▸ **WHAT IS REQUIRED**
Write out again only the lines running from the one that contains "Screenshot of the" to the end of the records below, including both the first and the last.

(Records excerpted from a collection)
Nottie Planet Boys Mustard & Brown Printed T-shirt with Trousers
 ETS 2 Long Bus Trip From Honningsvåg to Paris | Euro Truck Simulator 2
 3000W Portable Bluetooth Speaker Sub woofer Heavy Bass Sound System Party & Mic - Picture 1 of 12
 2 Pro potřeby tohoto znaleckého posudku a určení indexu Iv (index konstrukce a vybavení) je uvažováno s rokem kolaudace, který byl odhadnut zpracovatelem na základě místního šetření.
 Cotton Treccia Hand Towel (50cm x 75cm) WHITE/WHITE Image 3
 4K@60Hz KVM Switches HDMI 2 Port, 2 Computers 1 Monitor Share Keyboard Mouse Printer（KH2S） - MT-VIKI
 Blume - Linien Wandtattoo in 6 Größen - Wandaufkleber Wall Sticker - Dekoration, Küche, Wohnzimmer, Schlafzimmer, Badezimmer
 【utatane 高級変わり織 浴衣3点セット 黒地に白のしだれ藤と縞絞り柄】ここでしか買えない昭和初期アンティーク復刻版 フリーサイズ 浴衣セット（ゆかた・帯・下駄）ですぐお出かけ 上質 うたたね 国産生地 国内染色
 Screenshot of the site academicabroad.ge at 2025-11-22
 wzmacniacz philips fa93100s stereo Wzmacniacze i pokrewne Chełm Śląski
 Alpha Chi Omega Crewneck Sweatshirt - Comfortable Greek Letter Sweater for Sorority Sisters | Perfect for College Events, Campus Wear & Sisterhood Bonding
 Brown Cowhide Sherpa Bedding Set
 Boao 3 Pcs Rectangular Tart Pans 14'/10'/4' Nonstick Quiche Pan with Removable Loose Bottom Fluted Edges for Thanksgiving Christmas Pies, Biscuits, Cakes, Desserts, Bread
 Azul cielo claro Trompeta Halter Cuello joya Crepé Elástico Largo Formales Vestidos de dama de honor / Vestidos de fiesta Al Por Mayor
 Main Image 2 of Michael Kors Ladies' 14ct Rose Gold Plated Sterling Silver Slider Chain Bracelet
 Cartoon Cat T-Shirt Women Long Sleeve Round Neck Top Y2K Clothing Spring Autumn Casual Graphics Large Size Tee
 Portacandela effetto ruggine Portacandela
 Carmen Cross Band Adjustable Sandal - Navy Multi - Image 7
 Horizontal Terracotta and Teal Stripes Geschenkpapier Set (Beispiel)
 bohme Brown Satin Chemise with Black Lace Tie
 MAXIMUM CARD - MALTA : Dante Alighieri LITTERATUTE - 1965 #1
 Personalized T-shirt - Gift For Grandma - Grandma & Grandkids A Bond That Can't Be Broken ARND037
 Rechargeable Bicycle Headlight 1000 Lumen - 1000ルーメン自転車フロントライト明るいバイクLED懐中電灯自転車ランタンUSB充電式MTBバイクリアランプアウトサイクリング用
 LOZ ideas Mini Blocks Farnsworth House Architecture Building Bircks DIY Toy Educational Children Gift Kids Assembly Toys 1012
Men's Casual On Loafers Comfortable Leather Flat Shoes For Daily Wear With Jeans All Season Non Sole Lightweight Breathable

▸ **SOLUTION BELOW**
 Screenshot of the site academicabroad.ge at 2025-11-22
 wzmacniacz philips fa93100s stereo Wzmacniacze i pokrewne Chełm Śląski
 Alpha Chi Omega Crewneck Sweatshirt - Comfortable Greek Letter Sweater for Sorority Sisters | Perfect for College Events, Campus Wear & Sisterhood Bonding
 Brown Cowhide Sherpa Bedding Set
 Boao 3 Pcs Rectangular Tart Pans 14'/10'/4' Nonstick Quiche Pan with Removable Loose Bottom Fluted Edges for Thanksgiving Christmas Pies, Biscuits, Cakes, Desserts, Bread
 Azul cielo claro Trompeta Halter Cuello joya Crepé Elástico Largo Formales Vestidos de dama de honor / Vestidos de fiesta Al Por Mayor
 Main Image 2 of Michael Kors Ladies' 14ct Rose Gold Plated Sterling Silver Slider Chain Bracelet
 Cartoon Cat T-Shirt Women Long Sleeve Round Neck Top Y2K Clothing Spring Autumn Casual Graphics Large Size Tee
 Portacandela effetto ruggine Portacandela
 Carmen Cross Band Adjustable Sandal - Navy Multi - Image 7
 Horizontal Terracotta and Teal Stripes Geschenkpapier Set (Beispiel)
 bohme Brown Satin Chemise with Black Lace Tie
 MAXIMUM CARD - MALTA : Dante Alighieri LITTERATUTE - 1965 #1
 Personalized T-shirt - Gift For Grandma - Grandma & Grandkids A Bond That Can't Be Broken ARND037
 Rechargeable Bicycle Headlight 1000 Lumen - 1000ルーメン自転車フロントライト明るいバイクLED懐中電灯自転車ランタンUSB充電式MTBバイクリアランプアウトサイクリング用
 LOZ ideas Mini Blocks Farnsworth House Architecture Building Bircks DIY Toy Educational Children Gift Kids Assembly Toys 1012
Men's Casual On Loafers Comfortable Leather Flat Shoes For Daily Wear With Jeans All Season Non Sole Lightweight Breathable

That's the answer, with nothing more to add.